Bengal’s sorrow A.G. NOORANI

The distinguished scholar Joya Chatterji, Lecturer in History of Modern South Asia at Cambridge and Fellow of Trinity College, established in her widely acclaimed work Bengal Divided the communal divide that afflicted the province. Its subtitle was “Hindu Communalism and Partition, 1932-1947” (Cambridge University Press, 1995). The present work is, in a sense, a follow-up to the earlier one and reflects the same qualities of stupendous research and rigorous analysis. She belongs to a very small band of scholars in South Asia whose commitment to the truth is not overcome by false notions of “patriotism” or by communal bias. She explains the rationale behind the partition of India, and in particular of Bengal, and its consequences. Concentration on the partition of Punjab led to the neglect of the fate of Bengal. As with the partition of India, the advocates of Bengal’s partition lived to face the consequences of their miscalculations. She writes with wit and verve.

Earlier, in an article on the boundary award by Cyril Radcliffe, Joya Chatterji exposed the follies and worse of the two commissions over which he presided to demarcate the boundaries of the divided provinces of Bengal and Punjab (“The Fashioning of a Frontier”; Modern Asian Studies; 33(1) 1999; pages 185-242).

To this day, not a single Pakistani writer has dared or cared to question Jinnah’s preference of Radcliffe, a British conservative lawyer, to an impartial three-member commission comprising judges from other countries. By June 1947, Jinnah’s relations with Mountbatten had deteriorated steeply. The Radcliffe Report accepted many of the Congress’ claims in Bengal and was unfair to Pakistan, as Professor R.J. Noore has documented (Making the New Common wealth; Clarendon Press, Oxford; 1987; pages 27 and 37).


Suhrawardy-Sarat Bose Plan

The Congress and the Hindu Mahasabha opposed the Suhrawardy-Sarat Bose Plan for a United Bengal, which Jinnah accepted in a talk with Mountbatten on April 26, 1947. Gandhi prescribed impossible curbs which he would have rejected for the Central government. On May 27, 1947, Mountbatten’s Principal Secretary Eric Mieville “asked him [Nehru] how he viewed the discussions now going on about an independent Bengal. He reacted strongly and said there was no chance of the Hindus there agreeing to put themselves under permanent Muslim domination which was what the proposed agreement really amounted to. He did not, however, rule out the possibility of the whole of Bengal joining up with Hindustan [sic.]” (Selected Works of Jawaharlal Nehru; Second Series, Volume 2; page 182).

This writer has attempted an essay on the move for United Bengal (“United Bengal Plan: Pipe Dream or Missed Opportunity” in The Partition in Retrospect edited by Amrik Singh, Anamika Publishers & Distributors, 2000). The subject awaits scholarly attention which only scholars like Joya Chatterji can bestow.

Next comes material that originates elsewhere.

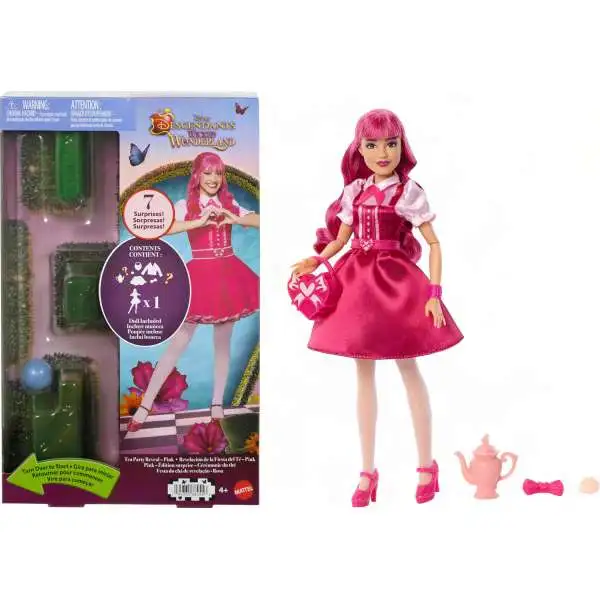 Disney Descendants Wicked Wonderland Tea Party Reveal Pink Surprise Doll [7 Surprises!]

On one point this writer disagrees with the author. She holds that the “flaws in the Cabinet Mission plan of 16 May 1946 drove the Congress leadership to look to partition as the solution”. There was more to it than that as K.M. Munshi noted (Pilgrimage to Freedom; Volume 1; page 103). He reproduced Vallabhbhai’s letter written the next day extolling the Plan, which ruled out Pakistan in any shape or form, and remarked: “It was evident that Sardar was prepared to pay a price for averting the partition of the country, and was willing to share power with the Muslim League”. That very day, May 17, Gandhi voiced his reservations and set the line that the Congress disastrously followed.